For one thing, there’s going to be a new head of the Northern Regional Health Authority next year for the first time since it was created when the former NDP government merged various health authorities around the province, including the Burntwood Regional Health Authority and the NOR-MAN Regional Health Authority into the NRHA. While it’s probably unwise to lay all the blame for the problems affecting northern health care at the health authority CEO's feet, it’s not like we can say that things are much better now than they were at the start of her time as head honcho. With her pending retirement, scheduled to take place next spring, it isn’t unreasonable to hope, even if it’s a long shot, that perhaps a new head could bring some new ideas about how to treat the healthcare system’s symptoms of malaise. To turn another popular saying on its head, “If it is broke, do fix it,” and plenty of patients and workers would be willing to tell you that the system is plenty broken based on their experiences with and within it, or as evidenced by their decisions to leave it, in the case of former employees.

Violent crime in Thompson is another problem that a few mayors and RCMP detachment heads have struggled to reverse. It’s driven by addictions and by Thompson’s status as the downtown of Northern Manitoba and even the police will tell you that they can never arrest their way out of it. That’s why recent public safety and addictions related initiatives such as the establishment of a multi-agency public safety committee and the pending creation of a 24/7 sobering centre are needed, even if they are very much overdue, having been talked about for a decade or more in the city and, even after having been announced, taking years to come to fruition, at least in part as a result of the COVID-19 pandemic.

It may not seem like violence and healthcare have a lot to do with businesses struggling to find competent workers but in reality it’s all part of the same whole general mish-mash. It’s difficult to attract people to a place with a reputation for violence, where you see drinking and drunk people out on the streets at all hours, and where healthcare is quite obviously inferior to how it is down south, as evidenced by the number of procedures northern patients have to travel to Winnipeg for. To be a desirable place to live, a city needs amenities and, although no community anywhere is free of the problems that affect Thompson, their prevalence here, as well as some other drawbacks like long, long winters, can make people think twice about moving to the city. There are good aspects too, but some of those become evident only once you live here, which doesn’t help employers fill jobs that they can’t find anyone suitable for locally. Intractable as crime and healthcare problems are in Thompson and the surrounding area, the labour shortage may be one of the hardest to solve. Many of the city’s youth are forced to go elsewhere for education, unless they want to pursue one of the relatively limited opportunities that exist here. After that, life happens, and many don’t return, some because they always wanted to get out, others because they fall in love or take a job and put down roots elsewhere. It’s true that, for the right amount of money, someone can be found to fill pretty much any job. The problem is that customers of those businesses aren’t necessarily willing to pay any amount for their goods and services, which can make it impossible to sustain high enough wages.

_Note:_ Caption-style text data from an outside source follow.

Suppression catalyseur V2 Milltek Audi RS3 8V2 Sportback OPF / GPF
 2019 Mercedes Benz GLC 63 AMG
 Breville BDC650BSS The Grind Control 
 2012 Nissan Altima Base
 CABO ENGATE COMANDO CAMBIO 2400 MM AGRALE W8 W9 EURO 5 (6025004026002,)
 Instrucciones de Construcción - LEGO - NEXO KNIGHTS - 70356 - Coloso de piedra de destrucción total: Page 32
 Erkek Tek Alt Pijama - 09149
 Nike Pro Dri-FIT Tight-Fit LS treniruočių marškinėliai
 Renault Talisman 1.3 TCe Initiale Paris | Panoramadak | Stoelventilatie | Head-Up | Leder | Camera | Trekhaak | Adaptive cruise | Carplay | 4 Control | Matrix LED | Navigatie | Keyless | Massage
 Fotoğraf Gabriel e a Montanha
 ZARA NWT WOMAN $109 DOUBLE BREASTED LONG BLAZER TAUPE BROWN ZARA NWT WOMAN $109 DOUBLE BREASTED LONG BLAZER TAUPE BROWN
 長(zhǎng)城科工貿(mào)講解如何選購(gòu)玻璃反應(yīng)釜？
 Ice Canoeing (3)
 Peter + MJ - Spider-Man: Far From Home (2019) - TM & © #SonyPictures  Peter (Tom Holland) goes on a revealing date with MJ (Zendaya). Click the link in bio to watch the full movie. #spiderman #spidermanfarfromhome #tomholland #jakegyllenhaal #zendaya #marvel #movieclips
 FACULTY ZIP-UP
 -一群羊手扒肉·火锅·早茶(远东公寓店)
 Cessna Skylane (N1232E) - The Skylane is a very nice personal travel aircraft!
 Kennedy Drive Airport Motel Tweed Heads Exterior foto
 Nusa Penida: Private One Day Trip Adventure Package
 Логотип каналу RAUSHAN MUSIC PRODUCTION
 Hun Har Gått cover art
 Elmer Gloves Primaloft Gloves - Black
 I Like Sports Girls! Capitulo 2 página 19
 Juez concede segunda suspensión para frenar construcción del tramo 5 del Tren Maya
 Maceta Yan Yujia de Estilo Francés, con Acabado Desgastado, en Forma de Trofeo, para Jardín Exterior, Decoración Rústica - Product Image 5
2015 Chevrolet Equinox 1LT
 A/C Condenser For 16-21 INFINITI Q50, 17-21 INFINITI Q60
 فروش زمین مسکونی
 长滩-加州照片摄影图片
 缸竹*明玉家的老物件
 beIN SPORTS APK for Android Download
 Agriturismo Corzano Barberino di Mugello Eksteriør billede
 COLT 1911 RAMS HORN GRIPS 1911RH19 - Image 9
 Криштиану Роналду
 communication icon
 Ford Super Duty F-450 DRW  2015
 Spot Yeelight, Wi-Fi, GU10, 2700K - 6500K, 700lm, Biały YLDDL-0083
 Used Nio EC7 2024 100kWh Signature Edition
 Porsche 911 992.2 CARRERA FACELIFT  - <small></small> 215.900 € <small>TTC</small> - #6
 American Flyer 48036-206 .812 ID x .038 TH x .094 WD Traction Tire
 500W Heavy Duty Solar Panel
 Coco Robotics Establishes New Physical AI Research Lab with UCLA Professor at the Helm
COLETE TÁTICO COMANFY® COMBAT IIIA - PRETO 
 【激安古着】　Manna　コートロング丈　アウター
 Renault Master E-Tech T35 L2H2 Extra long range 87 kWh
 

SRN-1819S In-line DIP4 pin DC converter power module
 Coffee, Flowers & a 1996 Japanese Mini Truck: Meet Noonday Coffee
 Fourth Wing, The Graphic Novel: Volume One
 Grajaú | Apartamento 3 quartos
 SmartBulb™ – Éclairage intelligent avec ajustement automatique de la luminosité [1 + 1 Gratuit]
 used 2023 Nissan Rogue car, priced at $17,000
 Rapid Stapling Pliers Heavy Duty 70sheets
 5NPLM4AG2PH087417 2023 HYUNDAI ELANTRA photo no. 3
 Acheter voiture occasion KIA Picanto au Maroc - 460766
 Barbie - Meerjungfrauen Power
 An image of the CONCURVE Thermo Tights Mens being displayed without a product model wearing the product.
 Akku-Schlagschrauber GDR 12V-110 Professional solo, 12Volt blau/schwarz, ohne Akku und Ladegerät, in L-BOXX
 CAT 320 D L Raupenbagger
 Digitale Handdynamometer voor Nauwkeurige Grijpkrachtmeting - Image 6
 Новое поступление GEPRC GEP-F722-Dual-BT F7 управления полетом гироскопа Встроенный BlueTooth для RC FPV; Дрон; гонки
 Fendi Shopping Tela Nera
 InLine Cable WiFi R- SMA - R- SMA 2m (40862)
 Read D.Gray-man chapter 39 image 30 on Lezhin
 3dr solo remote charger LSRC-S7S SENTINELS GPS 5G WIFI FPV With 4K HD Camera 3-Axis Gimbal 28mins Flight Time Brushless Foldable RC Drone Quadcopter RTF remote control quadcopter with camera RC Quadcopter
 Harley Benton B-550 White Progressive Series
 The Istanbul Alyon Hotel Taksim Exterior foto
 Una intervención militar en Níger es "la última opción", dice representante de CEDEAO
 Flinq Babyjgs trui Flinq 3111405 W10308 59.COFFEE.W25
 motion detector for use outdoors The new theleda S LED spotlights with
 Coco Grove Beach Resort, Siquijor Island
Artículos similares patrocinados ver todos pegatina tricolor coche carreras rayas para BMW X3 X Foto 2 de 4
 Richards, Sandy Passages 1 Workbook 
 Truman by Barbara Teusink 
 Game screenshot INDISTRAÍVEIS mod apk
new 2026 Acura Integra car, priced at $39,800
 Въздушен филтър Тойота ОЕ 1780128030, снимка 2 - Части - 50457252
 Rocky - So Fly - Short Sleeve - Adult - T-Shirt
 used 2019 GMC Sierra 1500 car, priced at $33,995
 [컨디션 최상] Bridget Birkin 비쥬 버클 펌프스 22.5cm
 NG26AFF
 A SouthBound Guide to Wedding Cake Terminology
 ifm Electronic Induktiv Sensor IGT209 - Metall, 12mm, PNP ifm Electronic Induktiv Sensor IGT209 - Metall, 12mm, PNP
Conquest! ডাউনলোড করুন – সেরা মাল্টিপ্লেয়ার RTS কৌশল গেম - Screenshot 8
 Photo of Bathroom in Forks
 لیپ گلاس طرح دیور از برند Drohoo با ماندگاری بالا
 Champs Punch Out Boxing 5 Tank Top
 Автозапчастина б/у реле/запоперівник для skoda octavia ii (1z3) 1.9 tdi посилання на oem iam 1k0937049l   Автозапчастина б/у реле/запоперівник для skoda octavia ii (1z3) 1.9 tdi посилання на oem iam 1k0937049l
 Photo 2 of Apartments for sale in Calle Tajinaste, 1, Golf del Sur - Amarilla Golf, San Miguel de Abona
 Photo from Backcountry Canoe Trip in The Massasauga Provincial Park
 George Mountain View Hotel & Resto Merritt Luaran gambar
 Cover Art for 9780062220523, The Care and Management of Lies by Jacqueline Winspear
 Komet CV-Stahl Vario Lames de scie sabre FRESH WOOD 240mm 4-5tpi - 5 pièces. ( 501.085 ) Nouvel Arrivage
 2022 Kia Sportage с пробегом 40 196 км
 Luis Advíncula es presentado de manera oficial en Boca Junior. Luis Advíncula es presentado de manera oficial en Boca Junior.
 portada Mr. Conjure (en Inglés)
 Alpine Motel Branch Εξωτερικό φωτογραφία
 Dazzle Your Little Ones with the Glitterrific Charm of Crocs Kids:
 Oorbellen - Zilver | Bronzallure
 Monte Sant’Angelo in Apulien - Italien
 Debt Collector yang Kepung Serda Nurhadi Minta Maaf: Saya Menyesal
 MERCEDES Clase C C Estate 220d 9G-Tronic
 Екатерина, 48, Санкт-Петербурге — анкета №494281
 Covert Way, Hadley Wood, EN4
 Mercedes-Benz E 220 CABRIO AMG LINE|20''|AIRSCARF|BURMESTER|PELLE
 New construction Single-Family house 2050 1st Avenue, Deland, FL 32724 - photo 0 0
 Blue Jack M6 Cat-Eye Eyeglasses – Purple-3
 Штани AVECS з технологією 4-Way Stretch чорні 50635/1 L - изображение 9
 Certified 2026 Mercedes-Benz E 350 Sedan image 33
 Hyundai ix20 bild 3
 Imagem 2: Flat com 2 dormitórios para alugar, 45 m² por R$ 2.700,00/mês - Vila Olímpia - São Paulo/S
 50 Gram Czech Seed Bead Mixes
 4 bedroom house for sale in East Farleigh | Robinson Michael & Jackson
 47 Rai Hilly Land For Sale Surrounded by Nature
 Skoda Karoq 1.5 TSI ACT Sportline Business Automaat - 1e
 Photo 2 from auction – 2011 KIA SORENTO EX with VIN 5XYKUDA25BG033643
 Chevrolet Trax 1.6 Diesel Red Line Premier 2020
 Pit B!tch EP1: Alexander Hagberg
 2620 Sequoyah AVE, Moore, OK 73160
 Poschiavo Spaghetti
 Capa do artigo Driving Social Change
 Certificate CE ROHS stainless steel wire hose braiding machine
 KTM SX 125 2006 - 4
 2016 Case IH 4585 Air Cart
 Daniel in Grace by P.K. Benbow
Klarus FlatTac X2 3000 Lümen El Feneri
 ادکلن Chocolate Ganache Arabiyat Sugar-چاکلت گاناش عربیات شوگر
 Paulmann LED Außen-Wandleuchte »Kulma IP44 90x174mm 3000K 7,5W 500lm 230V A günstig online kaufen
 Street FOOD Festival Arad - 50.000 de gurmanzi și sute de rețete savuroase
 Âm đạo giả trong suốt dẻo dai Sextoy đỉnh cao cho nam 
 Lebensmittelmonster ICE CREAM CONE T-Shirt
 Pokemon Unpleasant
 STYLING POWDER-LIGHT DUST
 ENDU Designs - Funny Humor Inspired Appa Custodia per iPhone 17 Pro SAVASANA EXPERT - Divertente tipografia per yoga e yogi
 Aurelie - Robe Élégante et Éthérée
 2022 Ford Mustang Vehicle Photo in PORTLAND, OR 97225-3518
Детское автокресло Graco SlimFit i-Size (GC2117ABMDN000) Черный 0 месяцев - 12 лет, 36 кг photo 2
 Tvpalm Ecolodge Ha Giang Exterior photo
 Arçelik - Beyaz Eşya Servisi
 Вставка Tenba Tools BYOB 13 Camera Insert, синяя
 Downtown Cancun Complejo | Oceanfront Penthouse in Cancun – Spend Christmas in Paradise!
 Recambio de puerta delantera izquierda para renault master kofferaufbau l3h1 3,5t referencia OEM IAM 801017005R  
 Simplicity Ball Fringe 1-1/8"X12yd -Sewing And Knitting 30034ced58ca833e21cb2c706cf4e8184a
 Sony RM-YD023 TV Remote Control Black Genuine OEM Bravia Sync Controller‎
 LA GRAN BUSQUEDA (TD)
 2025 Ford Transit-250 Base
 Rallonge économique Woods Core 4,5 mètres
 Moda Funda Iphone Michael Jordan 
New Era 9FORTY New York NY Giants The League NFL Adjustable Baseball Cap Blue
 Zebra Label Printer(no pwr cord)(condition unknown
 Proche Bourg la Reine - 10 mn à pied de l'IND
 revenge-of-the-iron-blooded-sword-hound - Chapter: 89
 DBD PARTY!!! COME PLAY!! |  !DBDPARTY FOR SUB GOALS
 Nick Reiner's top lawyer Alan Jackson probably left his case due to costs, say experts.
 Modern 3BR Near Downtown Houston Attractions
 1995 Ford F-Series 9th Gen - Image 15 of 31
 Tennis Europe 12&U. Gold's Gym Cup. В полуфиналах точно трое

When faced with hard-to-solve problems, it may seem like the only path is to throw up one’s hands and declare them unsolvable or somebody else’s problems. And while it’s true that neither Thompson nor any other community can ever completely eliminate crime or homelessness or addiction, and that northern healthcare will never rival that in Winnipeg, simply because of economics, fresh ideas need to be imagined and tested and new people  given opportunities to succeed, even if there’s a good chance they’ll fail. That’s the essence of hope, which is something everyone can always use a little more of.